Representatives from both the union and the district touted the agreement Tuesday.

"This contract seeks to show members the respect they deserve, while helping us to retain current educators and recruit the best and brightest to educate Cleveland’s children,” Shari Obrenski, the president of the teachers union wrote in the release.

"This agreement not only represents a harmonious collaboration but also underscores our commitment to retaining and supporting our valued educators who are fundamental to achieving our mission," wrote CMSD CEO Warren Morgan. "When we ensure stability and foster a supportive environment for members of our teacher’s union, paraprofessionals, and nurses, we enhance our ability to provide quality education to the children of Cleveland."

Stability has been a question for the district after officials announced in February it was facing a budget deficit of at least $143 million for the next fiscal year.

The board of education approved a plan to reduce the district's budget by tens of millions of dollars over the next two years to plug the budget hole, including cuts to multiple pandemic relief-funded programs, including non-CMSD partner after-school programming, summer programming and cuts at the district's central office and to technology for students.

The board of education's plan did not deal with teacher salaries, which are negotiated with the union.
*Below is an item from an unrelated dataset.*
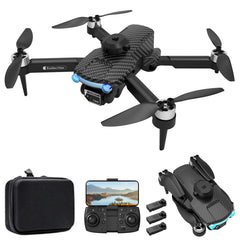 Drons ar 4K kameru XT204 divkāršu 2.4G bezkontaktu žestu fotografēšanu, 6 asu žiroskopu, optisko plūsmas pozicionēšanu, 360° šķēršļu noteikšanu, salokāmu dāvanu pieaugušajiem un bērniem, 3 baterijas
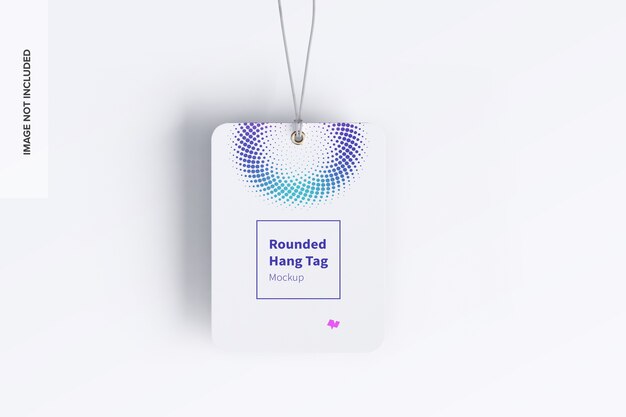 Rounded hang tag mockup with string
In Cleveland, individual principals manage their own buildings' budgets and can make decisions about laying off teachers or not filling positions, according to Morgan. The district does not plan to increase building budgets. In February, the district had 175 open teacher positions, according to district officials.

Josh Boose is associate producer for newscasts at Ideastream Public Media.
Conor Morris is the education reporter for Ideastream Public Media.